# Supplied data

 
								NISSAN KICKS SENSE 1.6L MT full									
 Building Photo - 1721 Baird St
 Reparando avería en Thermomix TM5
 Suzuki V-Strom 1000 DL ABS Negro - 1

---

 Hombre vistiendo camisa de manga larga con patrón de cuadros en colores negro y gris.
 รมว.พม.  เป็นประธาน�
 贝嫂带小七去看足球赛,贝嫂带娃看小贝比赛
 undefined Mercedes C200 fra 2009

# Your instructions
Every line above from the line with "NISSAN KICKS SENSE" to the line with "Suzuki V-Strom 1000 DL ABS Negro - 1" is wanted, ends included; write them out exactly and add no other line.

# Answer section
								NISSAN KICKS SENSE 1.6L MT full									
 Building Photo - 1721 Baird St
 Reparando avería en Thermomix TM5
 Suzuki V-Strom 1000 DL ABS Negro - 1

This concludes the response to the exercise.